Une importante exposition de tableaux devait avoir lieu bientôt, et Robert Montpellier travaillait à une grande toile qu’il comptait y exposer ; c’était pour lui l’occasion de se faire connaître en France, où il était ignoré du grand public.

Un travail de ce genre demande une grande concentration d’esprit. Pendant des jours, l’artiste ne doit pas penser à autre chose qu’à l’œuvre entreprise. Mais Robert Montpellier était in capable de tout travail ; une image l’obsédait ; celle de la femme à laquelle il avait voué un amour passionné ...

De plus, à la suite de la plainte qu’il avait déposé contre les neveux de Julien Delorme, il se trouvait dans une situation fort pénible. Il avait le plus grand désir d’accomplir la mission que lui avait confiée son ami défunt. Il lui fallait aussi rechercher Mireille qu’il avait promis de retrouver. Tout cela le tenait dans une extrême tension nerveuse.

Et le temps passait et le tableau commencé en était toujours au même point.
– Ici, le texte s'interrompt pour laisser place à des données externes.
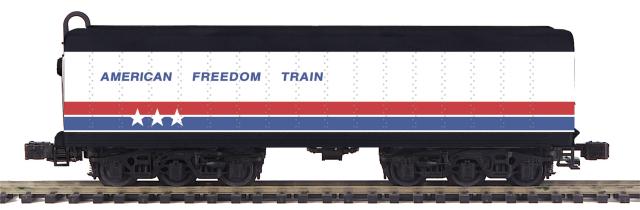 20-3764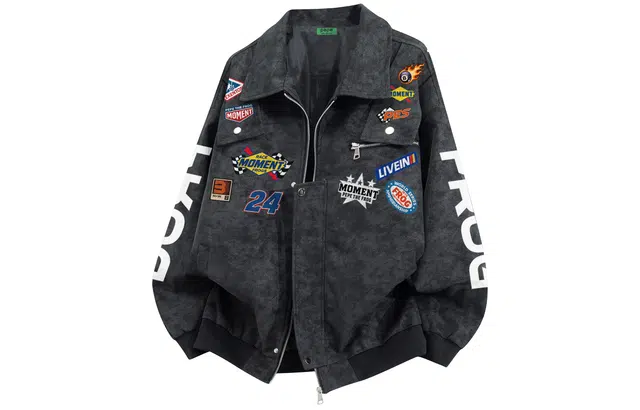 pepe the frog logoPU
Parfois, il essayait de se remettre au travail. Mais il y renonçait presque aussitôt ; l’inspiration semblait l’avoir définitivement abandonné ...

Le lendemain de l’arrestation de Valérie, le peintre se leva de bonne heure ; il voulait travailler toute la matinée ; il consacrerait l’après-midi à la recherche de la fillette. Et voici que, dans la rue, passèrent les premiers crieurs de journaux. D’une voix tonitruante, ils annonçaient que les auteurs du crime de la rue Lakanal étaient découverts. Robert était trop intéressé par cette affaire pour résister à la tentation de descendre dans la rue acheter un journal.

« Je le lirai une fois mon travail terminé » se dit-il en descendant l’escalier. Mais, dès qu’il eut le journal en main, il ne put s’empêcher de prendre connaissance du titre et des sous-titres de l’article qui l’intéressait. Et voici ce qu’il lut :

 

Jean Marigny auteur du crime, réussit à s’échapper ; les bijoux volés sont trouvés en possession de Valérie Labeille, sa maîtresse laquelle a été immédiatement écrouée.

 

Robert demeura pétrifié ... Dans la rue, il faisait atrocement froid, mais l’artiste ne s’en apercevait même pas.

En prison ! Valérie, sa Valérie bien-aimée en prison ! Valérie complice de ce crime atroce !

— Que la terre m’engloutisse immédiatement, si c’est vrai ! dit le peintre d’une voix sourde. Non, ce n’est pas possible ! Il faut être un monstre pour accuser cette jeune femme !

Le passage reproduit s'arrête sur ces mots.